I truly believe we have been robbed of an amazing performance, one where ScarJo would be challenged outside of her comfort zone, where instead of being an emotionless, vaguely irritated depiction of a human, she would be an emotionless, vaguely irritated depiction of a tree.
It’s undeniable that ScarJo is incredibly suited for this role. Her background as a conventionally attractive white woman in Hollywood has given her a profoundly grounded and nuanced perspective of the world, where she has watched as the industry transitioned from having no characters of color to having characters of color played by white actors.
These characters of color have typically been heavily rooted in stereotypes and racist caricature, which only adds to the value of her views! In fact, as an Asian woman, I found myself incredibly moved and touched by her performance of an Asian woman in Ghost in the Shell. It really taught me that in order to have an authentic portrayal of an Asian woman in western film, actors must first learn to become an annoying, emotionless white woman so they can then be better at playing an Asian woman. It’s just common sense!
In a world where narrowly-tailored diversity is being embraced in order to cater to a white audience that increasingly “feels bad for stuff,” we need more thin white women like ScarJo to show everyone what diversity in Hollywood is really about!
Diversity in Hollywood means more characters of color whose only purpose is to be saved by the white main character. It means more revolutionary depictions of same-sex romance whose actors and directors are all straight and whose audience feel validated in their fetishization of same-sex relationships. It means more movies where the suffering and deaths of minority characters are exploited for the pleasure of a cisgender, heterosexual, white audience.
It means more movies where trans people are played by cis actors, where gay characters are played by straight actors, where characters of color are played by white actors wearing prosthetics and special effects makeup. I can’t help but think that’s what real representation is all about.
What ScarJo has taught me is that thin, cisgender, heterosexual white women are so versatile! In addition to playing white characters, they can also play Asian characters, transgender characters, and even, as I’ve repeatedly alluded to, a literal tree!
So I say yes to ScarJo the tree and yes to ScarJo the transgender man and yes to ScarJo the Asian woman! It’s not as though actual trees, transgender people, or people of color could ever hold a candle to ScarJo’s acting prowess. Could a tree, a transgender person, or a person of color ever hope to amass half of ScarJo’s superior acting ability, where all of her characters display the same two expressions of irritation and apathy for hours on end?
The answer is no! Just like the LGBTQ+ community and people of color, there are no tree actors who can even be considered in the same acting realm as ScarJo. Can you name a tree actor who isn’t a D-List celebrity?
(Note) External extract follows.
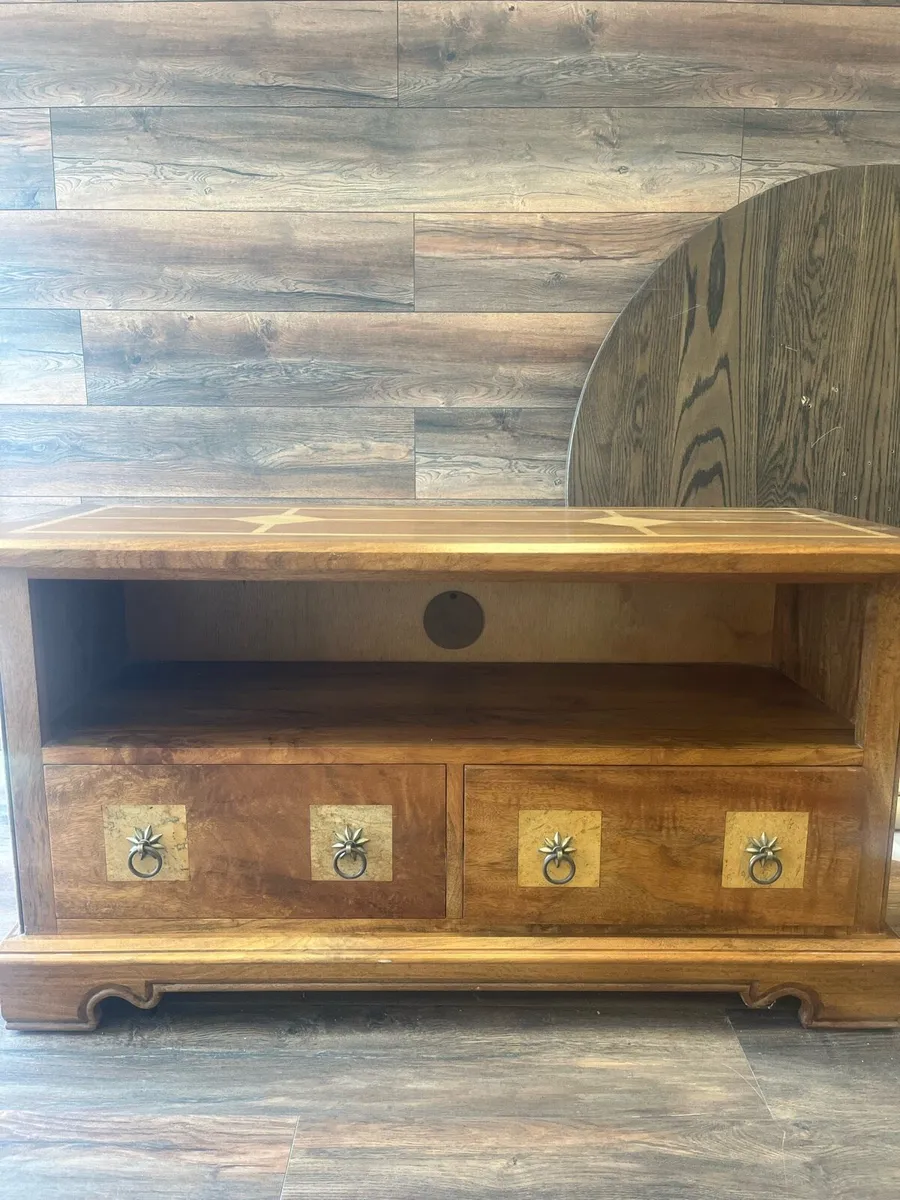 Solid tv unit - Image 4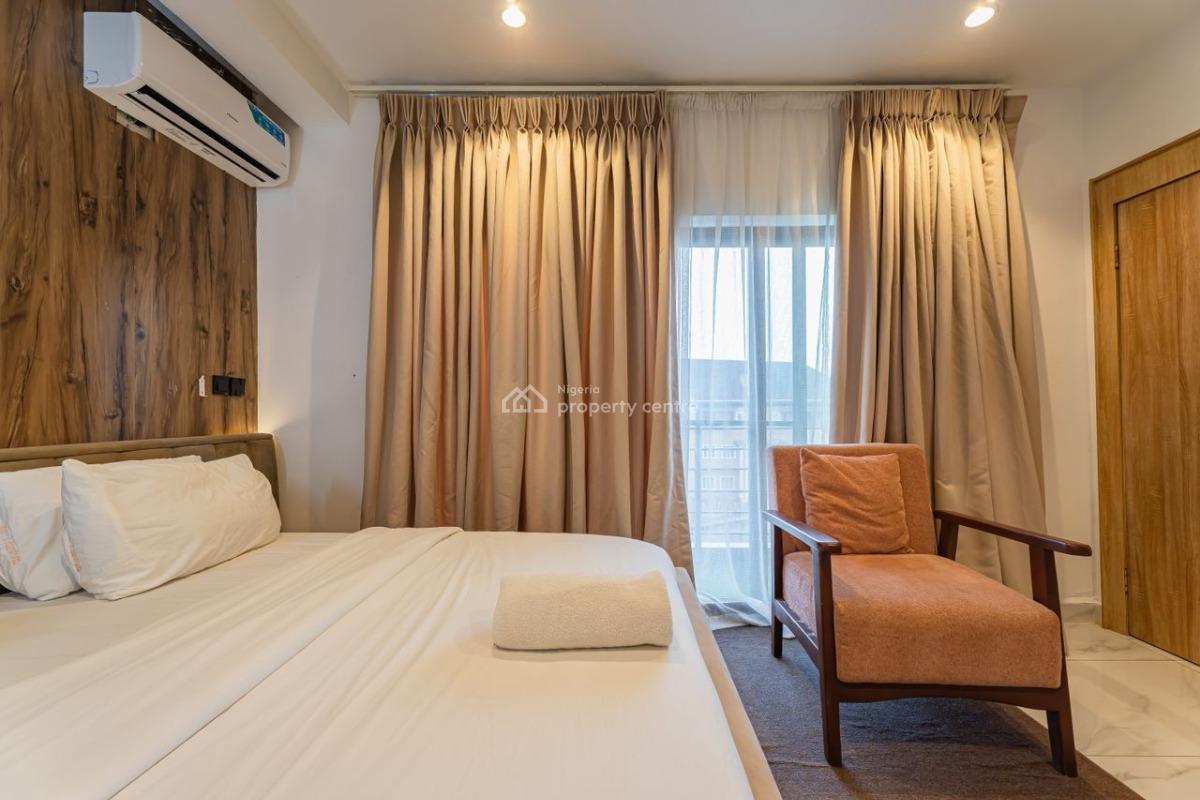 Gorgeous 2 Bedroom Apartment, Off Admiralty Way, Lekki Phase 1, Lekki, Lagos, Flat / Apartment Short Let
I sure can’t, and that’s why ScarJo is doing their job for them!
In conclusion, it’s time for Hollywood to wake up and see the light: we need ScarJo as a tree just as much as we needed all of those other white actors playing characters of color and all of those cisgender actors playing transgender characters. ScarJo the Sequoia needs to happen! And it is my hope that this groundbreaking role will give ScarJo an opportunity she has never quite been able to take advantage of before: being silent.